## Feature Engineering
This Notebook will:
Create time-based features (day_of_week, month, year, week_of_year, is_holiday)

Create lag features (sales_last_week, sales_two_weeks_ago)

Create rolling averages (rolling_4_weeks, rolling_8_weeks)

Save the final dataset as merged_features.csv

In [2]:
import pandas as pd
import numpy as np


In [3]:
# Load cleaned data
data = pd.read_csv("data/merged_cleaned.csv", parse_dates=["date"])
print("Loaded merged_cleaned.csv with shape:", data.shape)
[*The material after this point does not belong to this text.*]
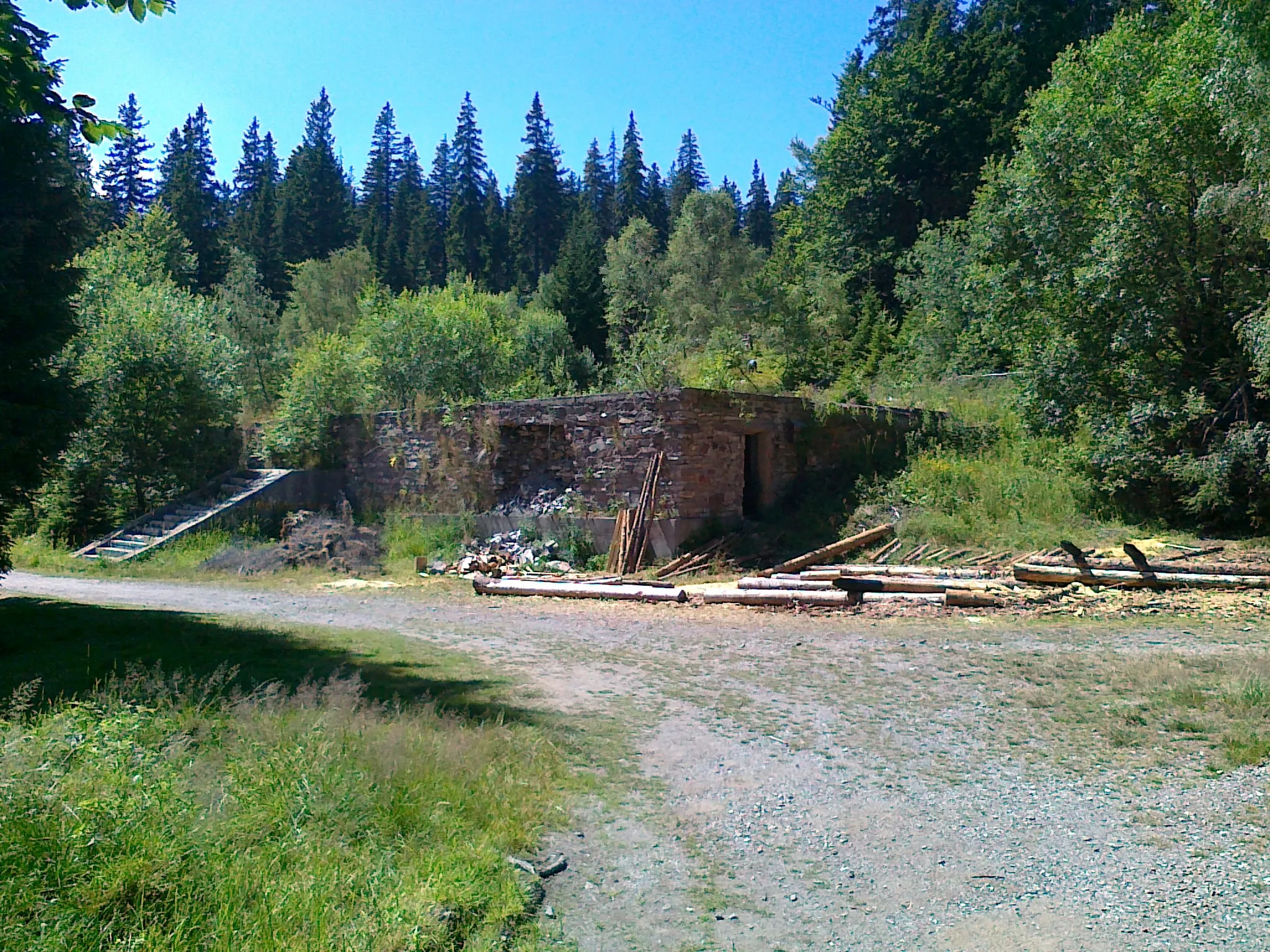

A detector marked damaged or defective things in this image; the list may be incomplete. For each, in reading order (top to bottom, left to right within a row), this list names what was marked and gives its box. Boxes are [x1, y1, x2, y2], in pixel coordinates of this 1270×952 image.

burnt building remnant [332, 389, 918, 558]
Loaded merged_cleaned.csv with shape: (3054348, 14)


#### Time based Features

In [4]:
# Day of week, month, year, week of year
data["day_of_week"] = data["date"].dt.dayofweek      
data["month"] = data["date"].dt.month
data["year"] = data["date"].dt.year
data["week_of_year"] = data["date"].dt.isocalendar().week

#### Lag Features

In [5]:

data = data.sort_values(by=["store_nbr", "family", "date"])
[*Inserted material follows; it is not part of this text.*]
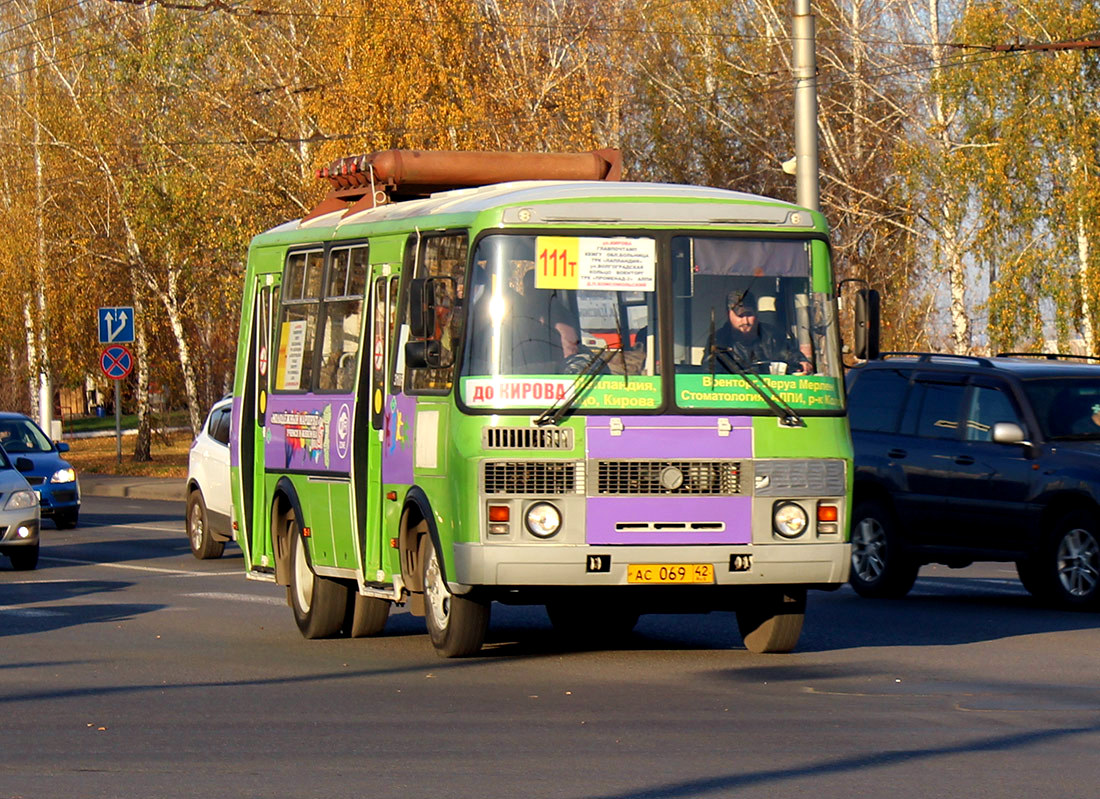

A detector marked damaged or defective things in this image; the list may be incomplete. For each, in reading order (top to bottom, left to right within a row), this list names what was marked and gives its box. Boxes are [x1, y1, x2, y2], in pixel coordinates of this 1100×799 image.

rusted rooftop equipment [306, 148, 624, 220]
data["sales_last_week"] = data.groupby(["store_nbr", "family"])["sales"].shift(7)
data["sales_two_weeks_ago"] = data.groupby(["store_nbr", "family"])["sales"].shift(14)


#### Rolling Features

In [7]:
data["rolling_4_weeks"] = data.groupby(["store_nbr", "family"])["sales"].transform(lambda x: x.shift(1).rolling(28, min_periods=1).mean())
data["rolling_8_weeks"] = data.groupby(["store_nbr", "family"])["sales"].transform(lambda x: x.shift(1).rolling(56, min_periods=1).mean())


In [13]:

categorical_cols = ["store_nbr", "family", "city", "state", "type", "cluster"]
for col in categorical_cols:
    data[col] = data[col].astype("category")

data.to_parquet("data/merged_feature_engineered.parquet", index=False)
print(" Feature-engineered dataset saved as 'merged_feature_engineered.parquet'")


✅ Feature-engineered dataset saved as 'merged_feature_engineered.parquet'